Peace and forgiveness begin with acknowledging people and situations for everything they are (this is tough) and for everything they aren’t (this can be even tougher). Accepting reality means letting go of the possibility that people and things will not be themselves.
High Holidays are all about growth and change. But for growth and change to happen, first you have to get to the bedrock of what is. Sometimes, this takes a lot of bravery: My addiction is my addiction. My anger is my anger. My dissatisfaction is my dissatisfaction, and I won’t pretend any longer that it’s just fine. Once we agree that A=A, only then can we decide what to add to A or to subtract from it.

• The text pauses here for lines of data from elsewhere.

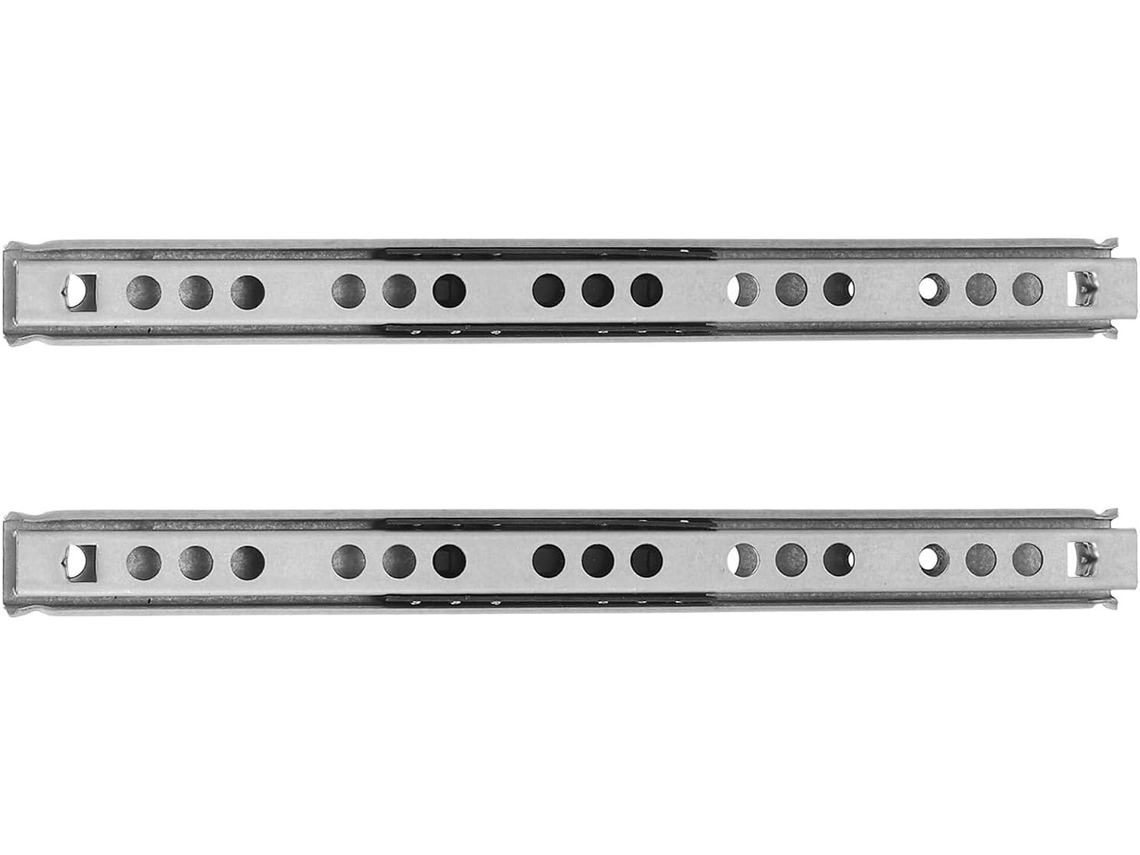 2 Peças De Corrediças Telescópicas Para Gavetas Em Aço Laminado A Frio Prateado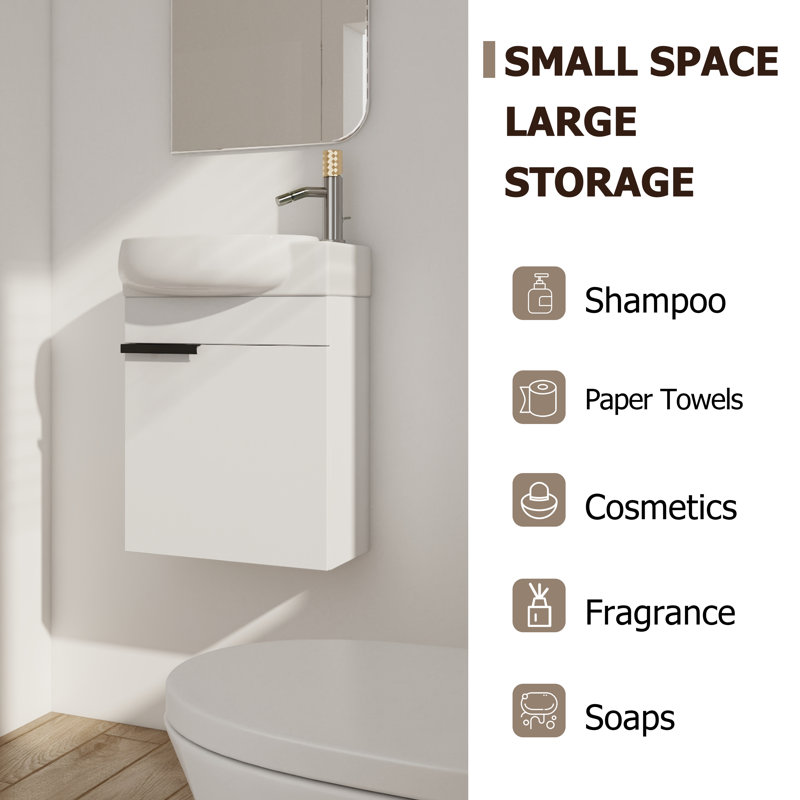 Meuble-lavabo simple avec plateau Hadyn 16,8 po, Blanc lustré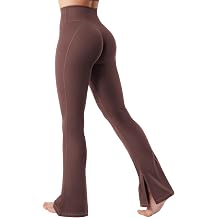 YEOREO Women Flare Split Hem Leggings Workout No Front Seam Gym Yoga Pants | Wide leg, Hidden Scrunch, High Waisted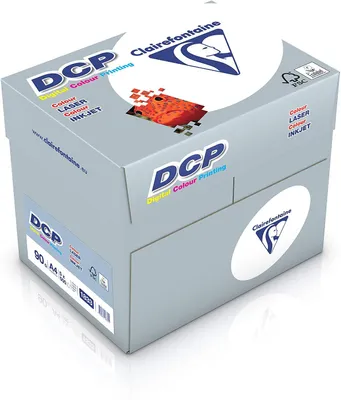 Produktbild von Clairefontaine Druckerpapier DCP 1833C  in Weiß / 5 x 500 Blatt in DIN A4 mit 90 Gramm / Blickdichtes Premium Kopierpapier für farbintensiven Bilderdruck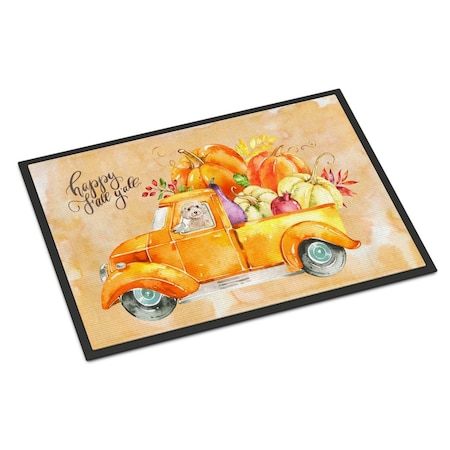 Carolines Treasures 18 x 27 in. Fall Harvest Champagne Cockapoo Indoor or Outdoor Mat CK2660MAT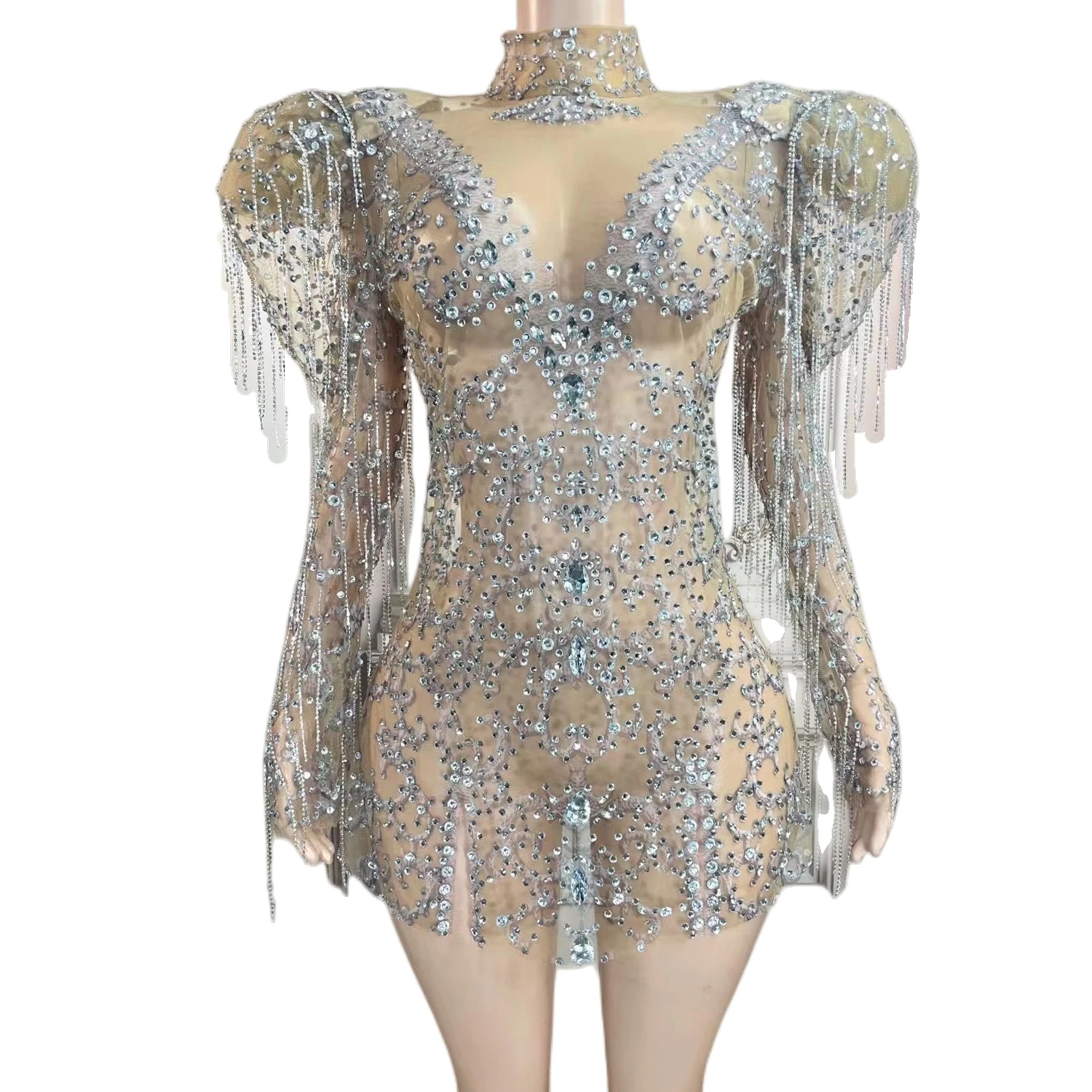 Wholesale Sexy See Through Puff Sleeve Crystal Fringes Princess Wedding Birthday Party Mini Dress Women Prom Gown Club Dress
Wholesale Sexy See Through Puff Sleeve Crystal Fringes Princess Wedding Birthday Party Mini Dress Women Prom Gown Club Dress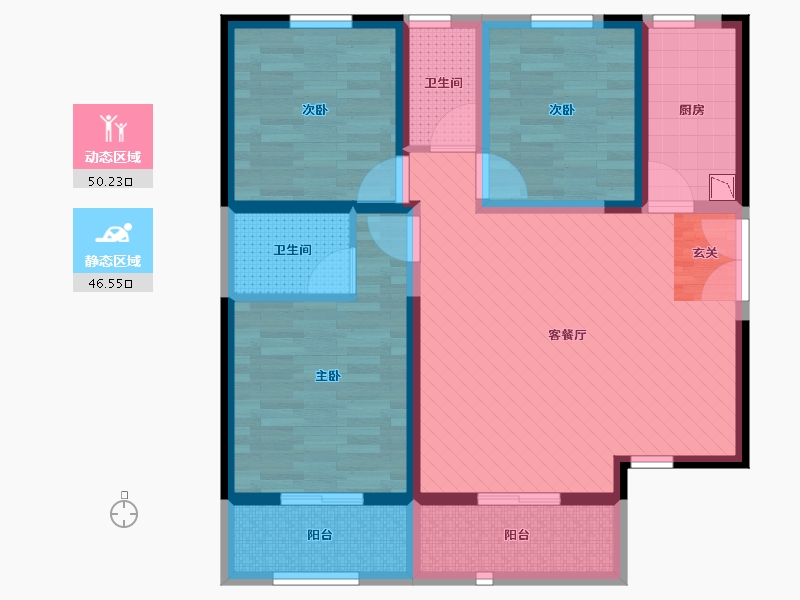 陕西省-西安市-辰宇世纪城-83.74-户型库-动静分区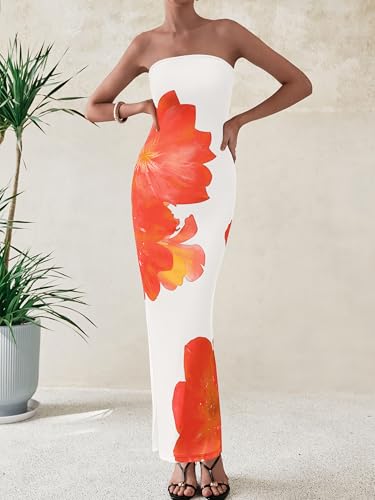 Image of PRETTYGARDEN Women Summer Strapless Maxi Dress Bodycon Floral Sexy Long Wedding Guest Dress Formal Tube Mesh Cocktail Dresses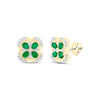 1/4CTW-NAT DIA ANA M 3/4CTW-PS-EM NAT GEM CLOVER EARRING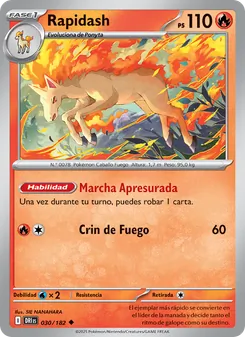 Carta Rapidash de la expansión Rivales Predestinados, número 030/182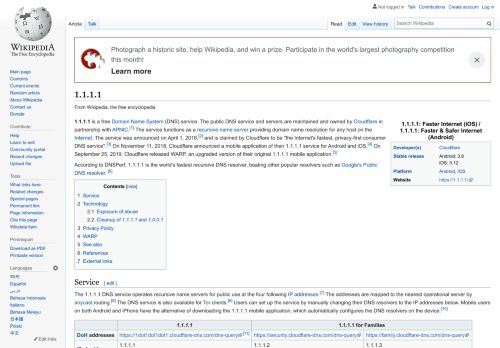 
                            12. 1.1.1.1 - Wikipedia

The theologian Carol Ochs described spirituality as “a process of coming into relationship with reality.” Spirituality affirms the truth of what is, even when the truth is ugly. You cannot heal what you do not face. There is no escaping the reality of what is so in this present moment. In reviewing the past year and assessing the state of our souls, we affirm that A=A.
Maimonides, the great 12th century rabbi, physician, and philosopher, expressed the law of non-contradiction in his Laws of Repentance (Hilchot Teshuvah): “One who confesses in words and has not in his heart resolved to forsake sin is like one who immerses in a [purifying] ritual bath and keeps holding a [ritually impure] reptile. Unless you cast it away, the immersion is useless.”
You cannot be both repentant and unrepentant. You cannot be both pure and impure. The spiritual law of non-contradiction might be stated this way: “when you bring the internal and external into alignment, you are operating in integrity.”
The law of the excluded middle dictates that you cannot be operating “sort of” or “mostly” in integrity. You cannot be “kind of” sorry. There is no middle ground, no third option. You either forgive or you don’t. You either repent or you don’t.
Netzavim, the Torah portion of the Shabbat before Rosh Hashanah, states: “This day I put before you life and death, blessing and curse. Therefore, choose life.” Many times, we seek a third option. Can’t I just coast? What about subsistence or survival? Aren’t there neutral choices? The spiritual law of the excluded middle says: every choice inclines you either toward life and vitality or toward death and destruction. Choose wisely, “that you and your children may live.”
In other words, enter yourself in the Book of Life. As the Unetaneh Tokef prayer reminds us, “every person’s signature” is in God’s Book of Memories.
It’s easy to feel “religious” (or maybe just smug) when you fast all day and beat your chest and lie prostrate on the floor during the Grand Aleynu. As the old joke goes, “look who thinks he’s nothing!” God asks in the Haftarah of Yom Kippur morning, “Is this the fast I have chosen?” (Isaiah 58:5)
Asceticism for its own sake is idol worship. We have to remain sensible to what our penance is for. We are clearing away our usual crutches and comforts and habits in order not to be dead while we still live. We are clarifying our choices: truth or falsehood, life or death, “strife and contention” (Isaiah 58:4) or the recognition that other human beings are “your very own flesh” (Isaiah 58:7).
As of tonight, we will step into a fragile hut. It is a temporary home that is only considered kosher if it’s vulnerable to elements. The human body is a lot like a sukkah. It is a temporary home for the soul, vulnerable to outside forces. Whatever spiritual work we may have completed so far, however far we have advanced in learning the laws of life, each of us is still as fragile as a sukkah. Hopefully, each of us will remain just as open, too.